The need for particular care when referring to questions of genre in literature is nowhere more evident than in the works of Cervantes. If genre results from a conscious imitation of earlier literature, then it may be easily confused with convention in the sixteenth century, because the desire to copy or imitate was even then still inevitably bound to literary tradition and was not merely a matter of choice. Cervantes aggravates the problem by repeatedly calling attention to it, since he wrote literature, wrote about it and about writing it all at once. As the prologue to Don Quijote shows, the issue of what one was obliged to include in one's writing due to dictates of style and what one chose to «borrow» out of admiration for one's predecessors, as well as one's right to do so, was highly problematic in Cervantes' time.1 «Imitation» was proper commonplace   —18→   and «plagiarism» just beginning to exist;2 the modern concept of originality in literature emerged only slowly from the depths of what we consider to be slavish attention to the classics and the esteem for them which held that good ideas were worthy of outright repetition.3

In the case of La Galatea, it is clear that Montemayor's La Diana served as Cervantes' basic model, although he was certainly influenced by earlier imitators of Montemayor as well. Thus, La Galatea is traditionally included in the list of fictional works referred to as pastoral romances or pastoral novels, originally inspired by La Diana (and which, in this study, will be referred to as pastoral books).4 At   —19→   some point, however, the differences between the imitated and the imitating outweigh their similarities and a progression is thereby made into another type of art, occurring at the text in which invention overcomes imitation. Cervantes, author of Don Quijote, is a prime example of a writer who outsmarted his precursors yet also depended heavily on their accomplishments and the conventions they respected.5 Don Quijote, however, is not his only work that resists conventional categories; attempting to slip La Galatea tidily into criteria for pastoral books is like trying to squeeze the glass slipper meant for Cinderella onto the unwieldy foot of her least elegant stepsister.

The structure of La Galatea consists of varied plots that are developed with an unusual amount of physical and emotional activity for Spanish pastoral fiction of Cervantes' time. Perhaps, then, this is not a case of the glass slipper at all; perhaps Cervantes' pastoral book is no more pastoral than Don Quijote is chivalric. What follows is an attempt to reconcile La Galatea to literary history by considering the ways in which Cervantes depended on and superseded the code of the «libros de pastores» to make La Galatea more than what it should have been.

In Book VI, Elicio describes the Valle de los Cipreses to Timbrio in these terms:

  —20→  

Aquí se ve en cualquiera sazón del año andar la risueña primavera con la hermosa Venus en hábito subcinto y amoroso, y Céfiro que la acompaña, con la madre Flora delante, esparciendo a manos llenas varias y odoríferas flores.
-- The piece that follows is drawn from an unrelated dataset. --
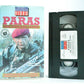 Paras: The Official Story - (1999) Documentary - [Huge Map Included] - VHS-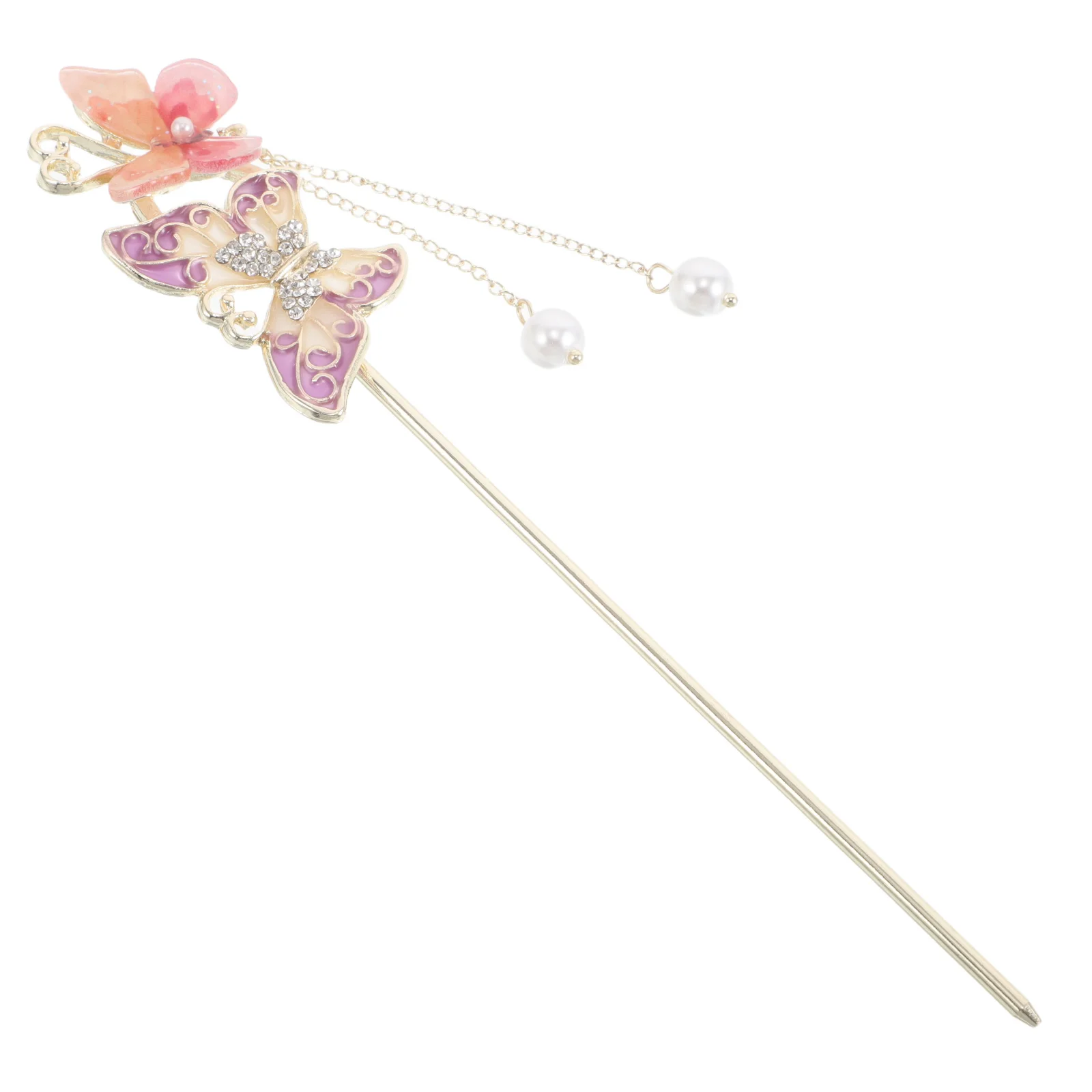 Butterfly Hairpin Chinese Stick Styling Accessories Flowers Sticks Jewelry Colorful Tassel Decorations Elegant Hairstyle Girls
Butterfly Hairpin Chinese Stick Styling Accessories Flowers Sticks Jewelry Colorful Tassel Decorations Elegant Hairstyle Girls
Y la industria de sus moradores ha hecho tanto, que la naturaleza, encorporada con el arte, es hecha artífice y connatural del arte, y de entrambas a dos se ha hecho una tercia naturaleza, a la cual no sabré dar nombre.6



This passage serves as a paradigm through which the structure of La Galatea may be interpreted. Cervantes' pastoral book consists of repeated conflict between the archetypal realm of the poetic in which pastoral literature functions, on one hand, and human life as it is experienced, in historical rather than poetic terms, on the other.7 Like the environment described by Elicio, the theoretically perfect pastoral world is adjusted through the author's industria to conform to humanity's own nature and imperfections in La Galatea. Put in   —21→   neo-Aristotelian terms, this means that Cervantes attempts to acknowledge history through a poetic text by sometimes presenting reality better than it really is, and other times reminding us of just how unpoetic it can be. Thus a tension is produced between the realm of what should be and that of what is, a tension that is scrupulously maintained throughout the La Galatea. Whether the poetry / history conflict was sustained to prove something or was left standing because the book was left unfinished is a moot point, but the fact remains that the struggle was unresolved by Cervantes. Here we are with a work to which, as Elicio says, «no sabemos dar nombre».
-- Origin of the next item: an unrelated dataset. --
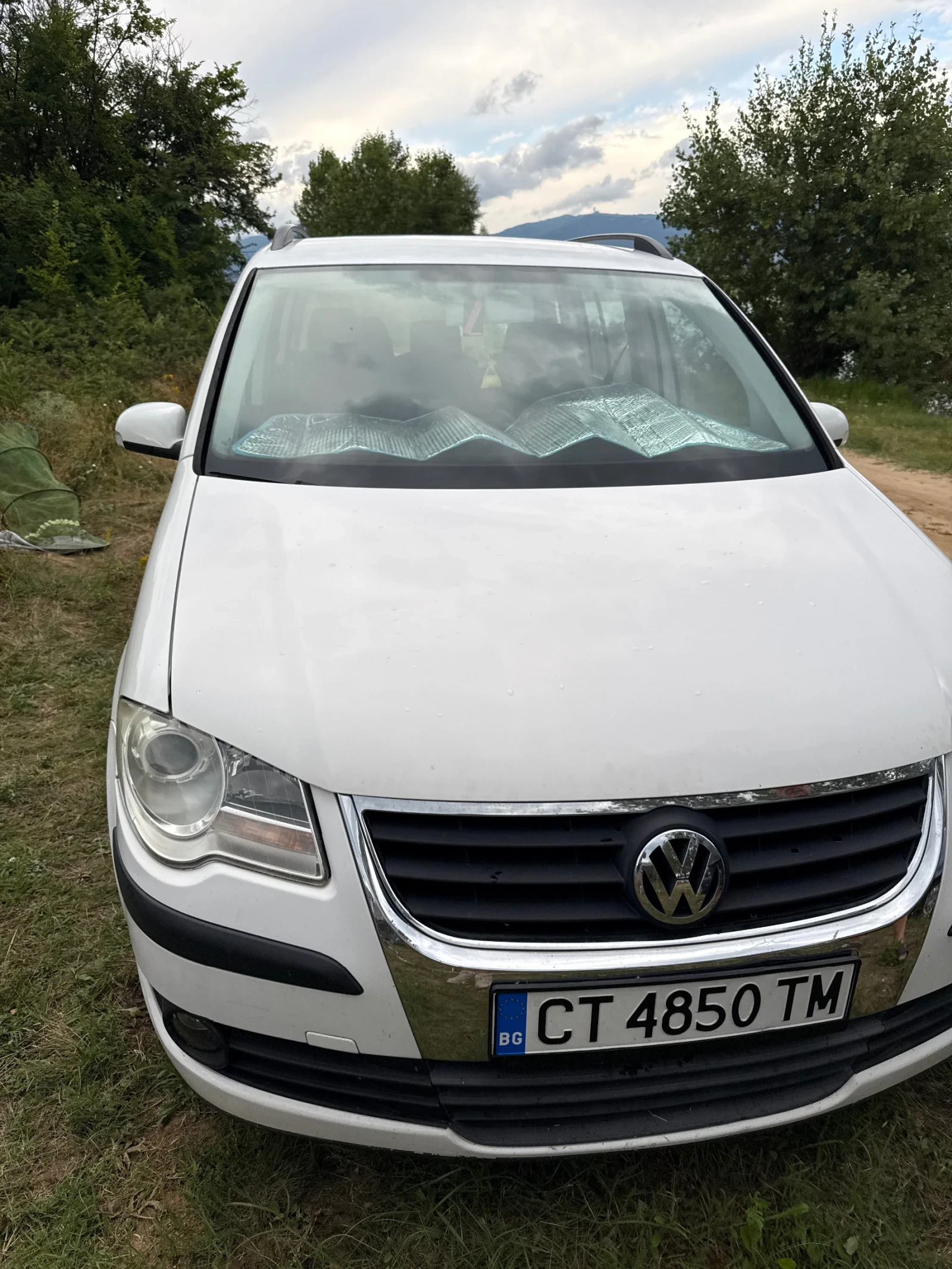 VW Touran 1.9 | Mobile.bg � ����������� 1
The kinetic manner in which the «poetic» plot of La Galatea is played against «historical» interpolations is a common foundation for critical approaches to the book and offers a method to categorize what looks like the text's simple polarity.8 Book I opens with Elicio wistfully contemplating his unrequited love for Galatea in true pastoral form, and he is shortly thereafter joined by Erastro the rustic. Their amoebean song is interrupted by the dramatic entrance of Lisandro «el pastor homicida». After witnessing nothing less than a murder, Elicio returns (with the reader) to his hut for his nocturnal contemplations, «para soltar la rienda a sus amorosas imaginaciones» (I, 30). Pastoral poetry, interrupted by violent aggression, is followed by recovery of the idyllic mode; thus the zig-zag of La Galatea begins, and so it continues right to the end.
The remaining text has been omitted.